We built interfaces for human eyes.
Navigation for human cognition.
Workflows for human operators.
The field of Human-Computer Interaction (HCI) emerged from this assumption.
But something fundamental is changing.
As AI agents become increasingly capable, software now has a second audience:
Agents.
And unlike APIs or traditional integrations, agents interact with software in surprisingly similar ways to humans.
They search.
They navigate.
They retrieve information.
They perform actions.
They make decisions.
They collaborate.
This creates a new challenge for product builders.
We are no longer designing software solely for humans.
We are designing software for humans and agents simultaneously.
If HCI described the era of Human-Computer Interaction, perhaps this next era needs HACI:
Human-Agent-Computer Interaction.
The duality of modern software
Historically:
Human -> Software
Today:
Human -> Software <- Agent
The same system must now satisfy both.
A CRM must work for salespeople and sales agents.
A codebase must work for developers and coding agents.
A knowledge base must work for employees and retrieval agents.
A project management tool must work for managers and planning agents.
Every product increasingly has two users.
The human.
And the agent acting on behalf of the human.
User experience becomes agent experience
This doesn’t mean UX is disappearing.
In fact, UX becomes even more important.
Humans still make decisions.
Humans still review work.
Humans still own outcomes.
But now every UX decision has an AX consequence.
A folder structure isn’t just navigation anymore.
It’s retrieval context.
A document isn’t just something people read.

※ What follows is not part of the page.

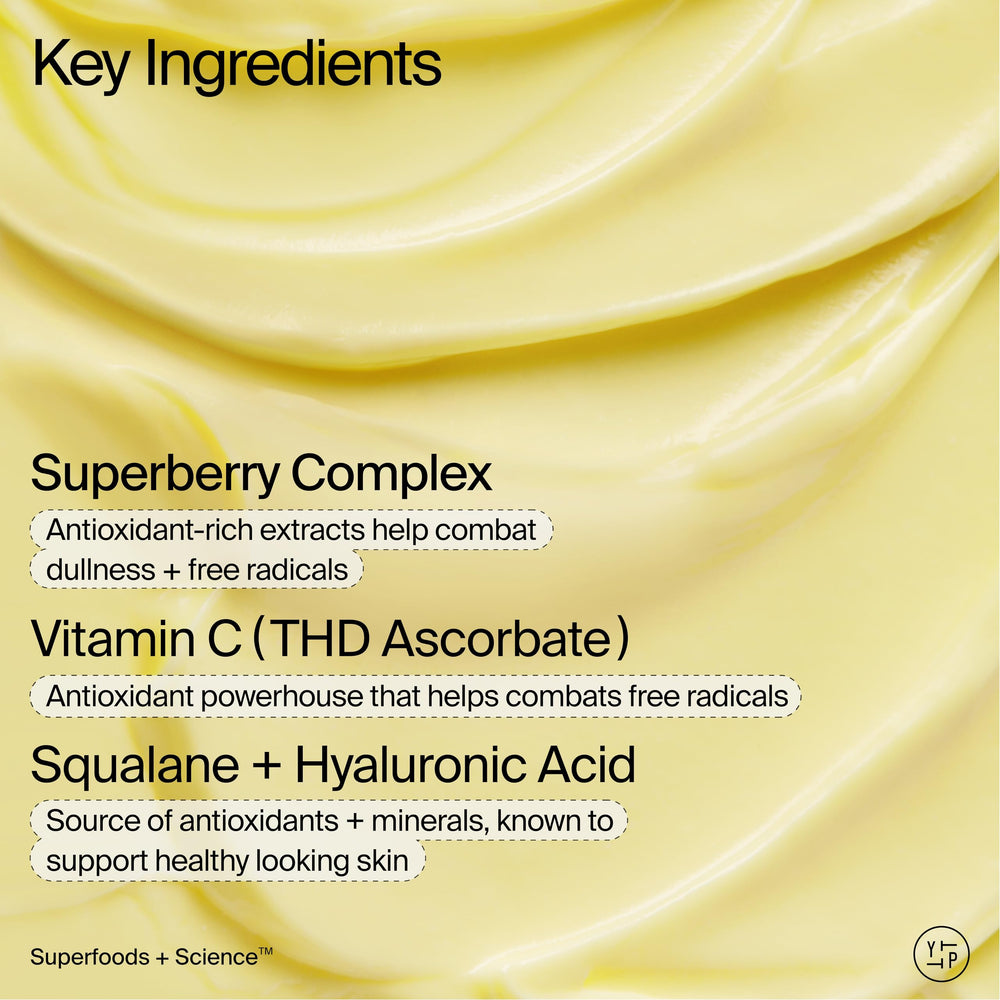 Application nocturne du masque Reve Superberry sur peau propre avant le coucher.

It’s context an agent consumes.
A table isn’t just a visualization.
It’s structured state an agent can reason about.
What humans see increasingly becomes what agents use.
Or, put another way:
What You See Is What Agents Get.
WYSIWAG.
This creates a fascinating convergence.
Good UX often produces better AX.
Good AX often produces better UX.
Clear organization helps both.
Clear naming helps both.
Good information architecture helps both.
Good provenance helps both.
Good search helps both.
The future is not UX versus AX.
The future is designing systems that are legible to both.
Agent harnesses are UX for agents
This is why so much innovation around agents feels strangely familiar.
Context engineering.
Memory.
Retrieval.
Tool calling.
Workflows.
MCP.
These are often described as infrastructure problems.
But another way to view them is:
They are user experience problems for agents.
Agent harnesses are becoming the navigation systems, search systems, menus, shortcuts, and affordances that agents use to accomplish work.
Just as UX designers spent decades making software easier for humans to navigate, we are now building systems that make software easier for agents to navigate.
The next frontier is collaboration
The most interesting challenge emerges when humans and agents begin working together.
Not interacting.
Collaborating.
The moment both operate on the same artifacts, entirely new requirements appear:
- Handoffs
- Shared context
- Provenance
- Review workflows
- Conflict resolution
- Permissions
- Audit trails
The challenge shifts from interaction to coordination.
And that may ultimately be the defining problem of the next decade of software.
Not how humans interact with computers.
Not how humans interact with agents.
But how humans and agents collaborate through computers.